Required work:
Starting at the first line below, copy through to the last line exactly.

===== Data to process =====

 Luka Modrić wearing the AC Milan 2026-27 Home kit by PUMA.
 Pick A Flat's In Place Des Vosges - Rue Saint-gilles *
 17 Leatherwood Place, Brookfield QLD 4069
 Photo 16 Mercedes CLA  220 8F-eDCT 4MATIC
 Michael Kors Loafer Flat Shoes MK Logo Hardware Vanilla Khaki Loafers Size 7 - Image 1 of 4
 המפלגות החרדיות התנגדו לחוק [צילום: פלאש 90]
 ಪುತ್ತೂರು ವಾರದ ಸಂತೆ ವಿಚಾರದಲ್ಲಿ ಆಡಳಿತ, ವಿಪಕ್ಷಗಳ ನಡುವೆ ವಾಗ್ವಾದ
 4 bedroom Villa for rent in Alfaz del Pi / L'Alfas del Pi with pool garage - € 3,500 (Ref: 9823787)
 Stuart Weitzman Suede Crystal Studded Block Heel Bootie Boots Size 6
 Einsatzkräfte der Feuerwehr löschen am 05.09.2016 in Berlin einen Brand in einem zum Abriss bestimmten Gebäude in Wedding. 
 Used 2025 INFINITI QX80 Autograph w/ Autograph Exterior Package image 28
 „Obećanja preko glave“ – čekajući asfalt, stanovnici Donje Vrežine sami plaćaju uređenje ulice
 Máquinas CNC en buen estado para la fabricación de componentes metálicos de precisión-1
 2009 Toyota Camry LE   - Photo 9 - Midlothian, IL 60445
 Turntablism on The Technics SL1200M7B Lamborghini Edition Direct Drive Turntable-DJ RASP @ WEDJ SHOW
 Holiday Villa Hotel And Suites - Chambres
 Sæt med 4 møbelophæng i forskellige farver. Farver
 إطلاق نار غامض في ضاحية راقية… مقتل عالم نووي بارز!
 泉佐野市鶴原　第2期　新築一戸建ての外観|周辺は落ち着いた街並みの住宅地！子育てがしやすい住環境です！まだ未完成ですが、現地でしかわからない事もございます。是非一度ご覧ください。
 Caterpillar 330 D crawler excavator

=====

Exercise response:
 Luka Modrić wearing the AC Milan 2026-27 Home kit by PUMA.
 Pick A Flat's In Place Des Vosges - Rue Saint-gilles *
 17 Leatherwood Place, Brookfield QLD 4069
 Photo 16 Mercedes CLA  220 8F-eDCT 4MATIC
 Michael Kors Loafer Flat Shoes MK Logo Hardware Vanilla Khaki Loafers Size 7 - Image 1 of 4
 המפלגות החרדיות התנגדו לחוק [צילום: פלאש 90]
 ಪುತ್ತೂರು ವಾರದ ಸಂತೆ ವಿಚಾರದಲ್ಲಿ ಆಡಳಿತ, ವಿಪಕ್ಷಗಳ ನಡುವೆ ವಾಗ್ವಾದ
 4 bedroom Villa for rent in Alfaz del Pi / L'Alfas del Pi with pool garage - € 3,500 (Ref: 9823787)
 Stuart Weitzman Suede Crystal Studded Block Heel Bootie Boots Size 6
 Einsatzkräfte der Feuerwehr löschen am 05.09.2016 in Berlin einen Brand in einem zum Abriss bestimmten Gebäude in Wedding. 
 Used 2025 INFINITI QX80 Autograph w/ Autograph Exterior Package image 28
 „Obećanja preko glave“ – čekajući asfalt, stanovnici Donje Vrežine sami plaćaju uređenje ulice
 Máquinas CNC en buen estado para la fabricación de componentes metálicos de precisión-1
 2009 Toyota Camry LE   - Photo 9 - Midlothian, IL 60445
 Turntablism on The Technics SL1200M7B Lamborghini Edition Direct Drive Turntable-DJ RASP @ WEDJ SHOW
 Holiday Villa Hotel And Suites - Chambres
 Sæt med 4 møbelophæng i forskellige farver. Farver
 إطلاق نار غامض في ضاحية راقية… مقتل عالم نووي بارز!
 泉佐野市鶴原　第2期　新築一戸建ての外観|周辺は落ち着いた街並みの住宅地！子育てがしやすい住環境です！まだ未完成ですが、現地でしかわからない事もございます。是非一度ご覧ください。
 Caterpillar 330 D crawler excavator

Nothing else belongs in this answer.